Some of these are large, complex agreements – like our strategic alliance with Merck and Cancer Research UK. Many are smaller-scale (such as recent agreements with High Force Research, Asana or Elekta), but add up to a lot of university-business interaction.

And whilst we are able to measure these partnerships in terms of agreements signed or income received, what we can’t measure are the numerous conversations our academic colleagues have with companies, and the sparks that these conversations may ignite within their own research.

Cementing relationships

It is also difficult to measure the economic benefit that may result from the numerous small pieces of consultancy work or contributions to advisory committees made by our scientists.

These types of interactions are hard to measure, but they are an important part of the picture and help to cement relationships between university academics and businesses that can lead to new alliances.

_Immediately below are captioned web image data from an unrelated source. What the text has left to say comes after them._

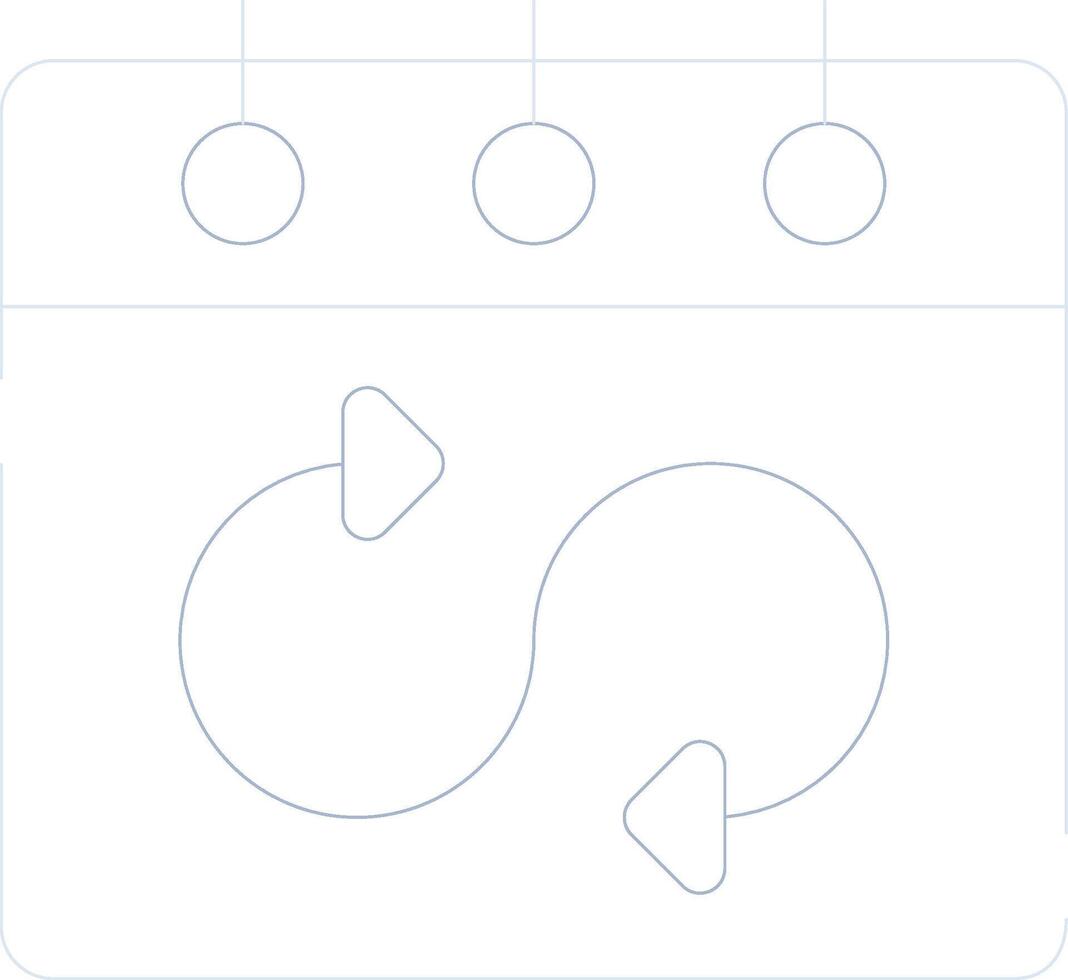 Flexible Schedule Creative Icon Design vector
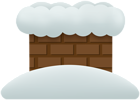 Winter Snowy Chimney PNG Clipart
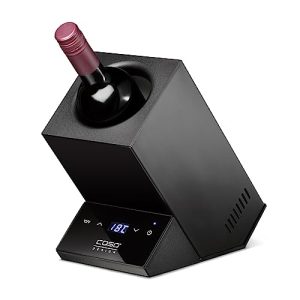 Weinkühler Caso WineCase One Black, Design für eine Flasche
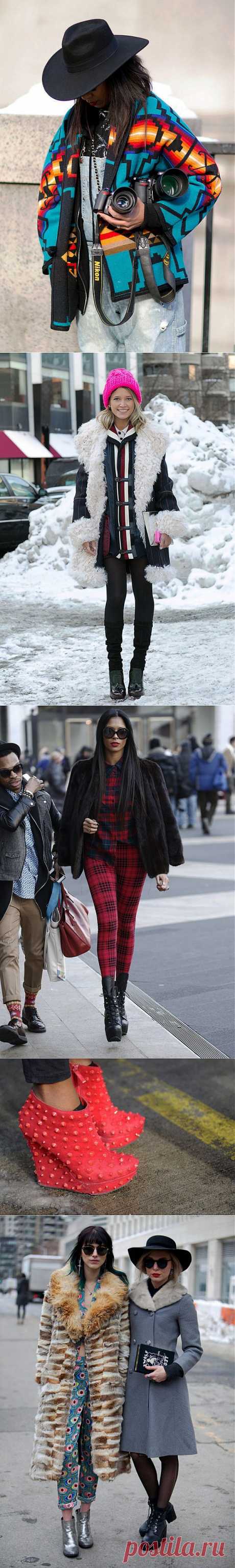 Зима в NY. Часть 4 (большая подборка) / Street Style /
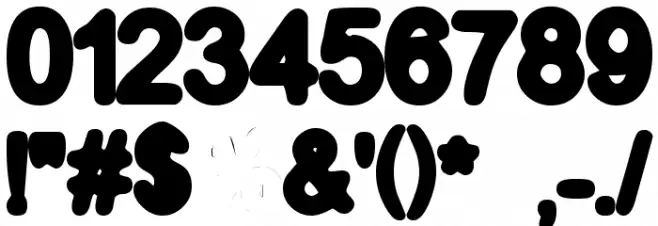 GF Becker Font OTHER CHARS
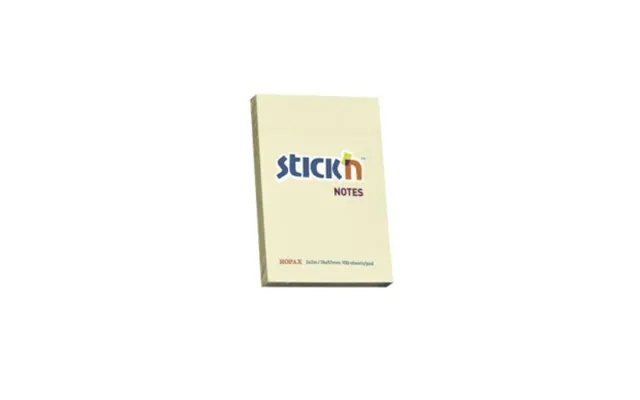 Stick'n Stick'n Notesblok 76x51 100 Blad Pastel Gul 4712759210062 Modsvarer N A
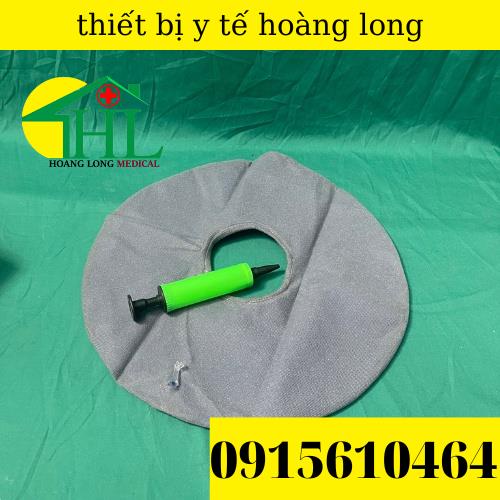 Phao Chống Loét Bơm Hơi Cao Cấp Cho Người Bệnh Có Lớp Vải Nỉ Bên Ngoài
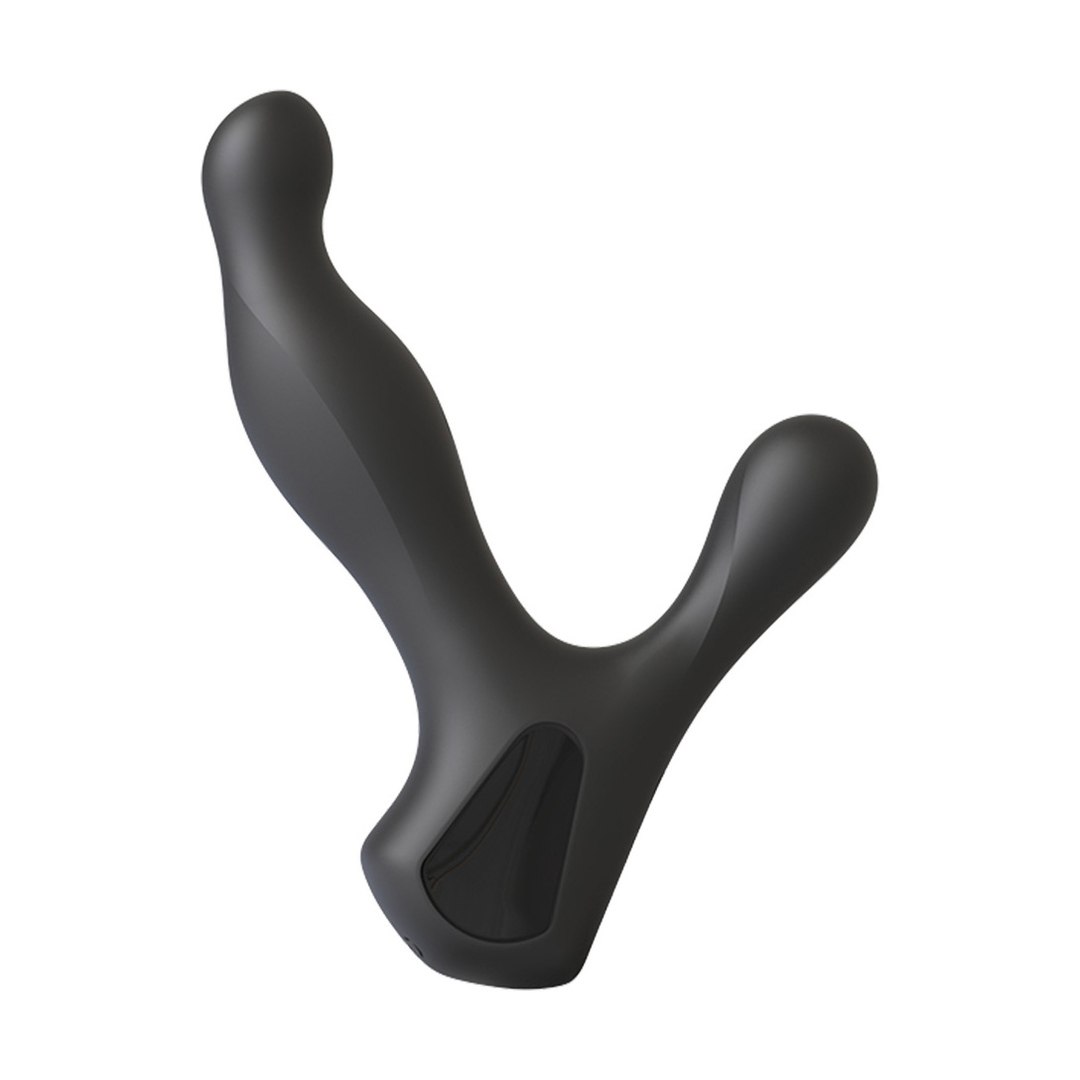 Prostata-Vibrator Silikon rotierend Schwarz 12,7 x Ø 3,2 cm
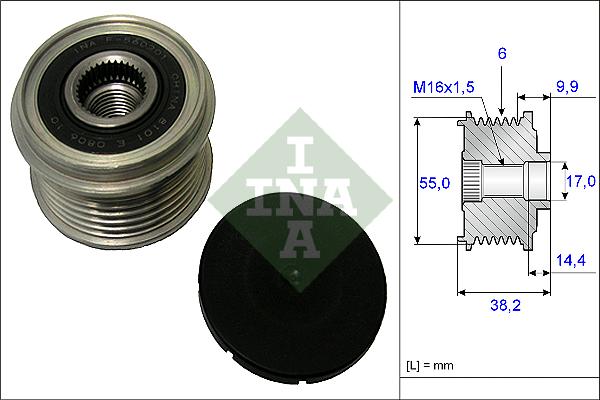 INA 535021610 Alternatör Kasnağı - . Görsel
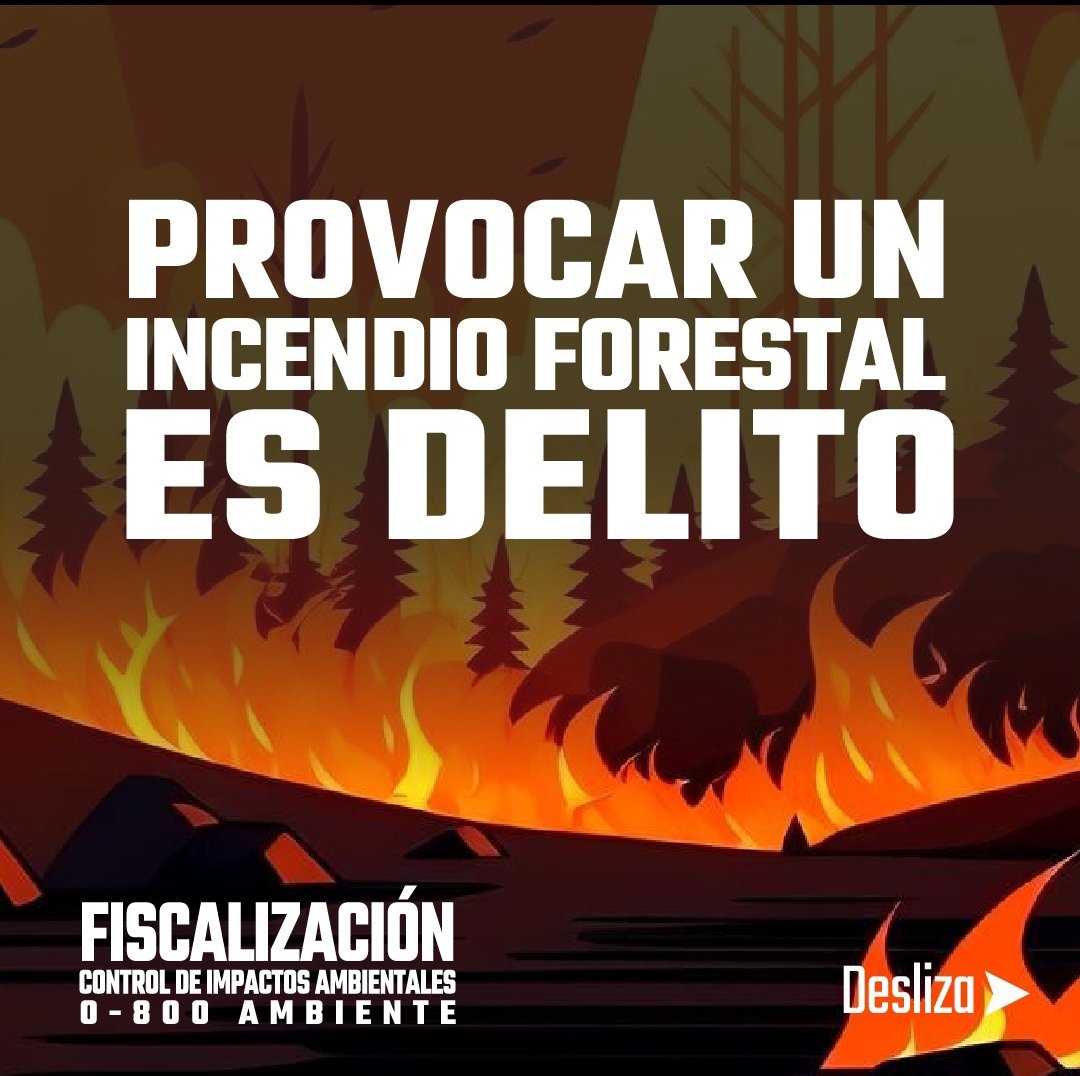 Denuncia al inconsciente,igual manera al piromaniaco!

The measurement of knowledge exchange in all of its forms was the subject of an international summit of the Association of University Technology Managers (AUTM) I attended recently, with participants from 19 different countries. And whilst we all acknowledged that measuring some of these interactions was difficult, that didn’t mean that we shouldn’t celebrate them.

In universities, celebrating the success of industry partnerships is a key part of building a commercialisation culture and encouraging newer researchers to try new interactions.

And as the government increases spending on R&D with the aim of reaching a spend level of 2.4 per cent of GDP, it is now more important than ever to celebrate our successes in all forms of commercialisation and keep building on these successes, to maintain the UK university sector as a major driver of our economy.